Estas sugestões surgem uma semana depois de os ministros alemão e francês das Finanças, Wolfgang Schäuble e Bruno Le Maire, terem anunciado que vão trabalhar numa proposta única de reforma e de aprofundamento da integração da Zona Euro que apresentarão aos seus pares até Julho, antes, portanto, das eleições alemãs agendadas para 24 de Setembro. A ideia é que propostas e calendários concretos possam ser aprovados ao mais alto nível na cimeira de Dezembro.


Com Emmanuel Macron, um europeista convicto mas também um defensor da ortodoxia orçamental, há agora maiores probabilidades de entendimento genuíno entre Paris e Berlim. 

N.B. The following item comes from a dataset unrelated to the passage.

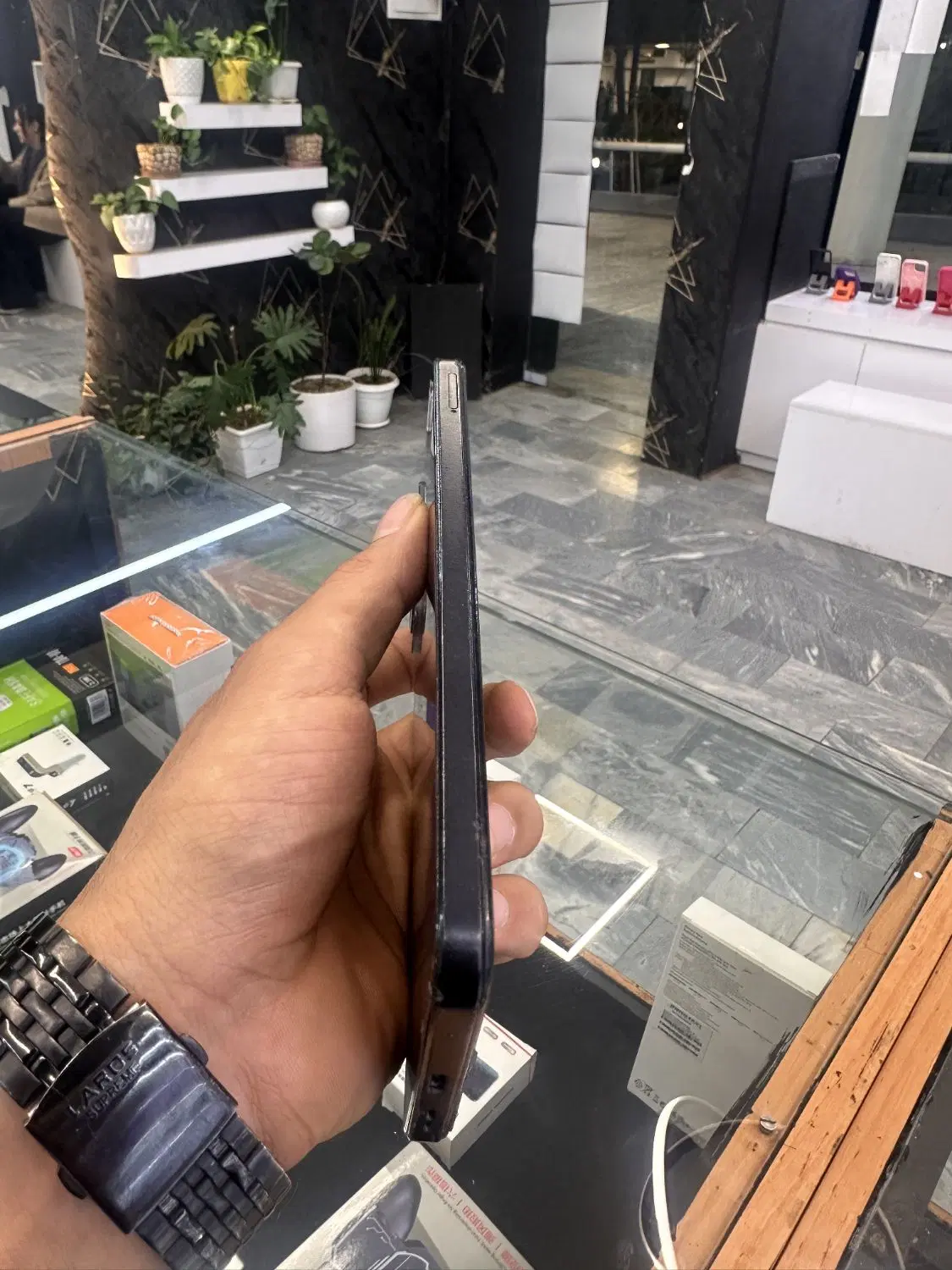 note 12|موبایل|اصفهان, خانه اصفهان|دیوار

Diferentemente de François Hollande, o novo presidente francês considera fundamental cumprir o Pacto de Estabilidade e o Tratado Orçamental, e promete reduzir finalmente neste ano o défice abaixo do limite de 3% do PIB. 

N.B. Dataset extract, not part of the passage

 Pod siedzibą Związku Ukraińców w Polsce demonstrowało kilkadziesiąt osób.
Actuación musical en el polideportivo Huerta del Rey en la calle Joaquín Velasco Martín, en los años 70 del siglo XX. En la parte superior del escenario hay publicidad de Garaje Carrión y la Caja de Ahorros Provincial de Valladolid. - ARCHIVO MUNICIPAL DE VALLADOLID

Macron quer "contas certas" e regras cumpridas com o rigor alemão, mas quer também que a Zona Euro passe a ser gerida numa "lógica positiva e não apenas punitiva". Nesse contexto, defende a criação de um orçamento próprio para os países do euro e, dentro deste, de uma linha de investimento para  dinamizar projectos nos países que, em contrapartida, se comprometam em tornar-se mais competitivos, através de reformas estruturais, geralmente muito impopulares, desde logo em França.

 

"Quero um orçamento para a Zona Euro, um ministro responsável por esse orçamento, um parlamento para o controlar e uma verdadeira capacidade para investir e para corrigir os choques que existem na Zona Euro", tem explicado Macron, que tem uma linha de pensamento próxima da de Wolfang Schäuble.


Também 
Espanha partilha muitas destas ideias, tendo já entregue em Bruxelas um documento onde defende que o futuro orçamento exclusivo da Zona Euro possa suportar parte dos subsídios de desemprego. Espanha é, a par da Grécia, a recordista do desemprego na Europa.



O que pode mudar até 2025

 

Presidente a "full time"

Até 2019, o Eurogrupo seria convertido numa instituição com plenos poderes, e passaria ser presidido por um presidente a tempo inteiro (hoje, o cargo é  acumulado com o de ministro das Finanças de um país-membro). Esse presidente acumularia o cargo com o de membro da Comissão responsável pelo euro. Este modelo, de "duplo chapéu", já hoje existe na política externa europeia.

 

Fundos condicionados às reformas

Bruxelas sugere que, no próximo quadro financeiro (após 2020), o desembolso de fundos estruturais e de investimento fique condicionado ao cumprimento, por parte do país beneficiário, das reformas económicas prometidas. Hoje existe já alguma condicionalidade, mas associada às metas orçamentais.

 

Tesouro e orçamento para a Zona Euro

Até 2025, Bruxelas sugere a criação de um Tesouro. Este centralizaria a supervisão orçamental  (hoje repartida entre a Comissão e o Eurogrupo) e, em caso de necessidade, emitiria um "activo europeu seguro" (eurobonds), replicando funções hoje desempenhadas pelo Mecanismo Europeu de Estabilidade. Paralelamente, Bruxelas abre a porta à criação de uma "capacidade orçamental de estabilização" - ou seja, um orçamento capaz de apoiar os países do euro afectados por crises. Deixa também em aberto a criação de um "fundo de crises". Sobre a forma de financiamento de ambos, deixa várias opções em aberto.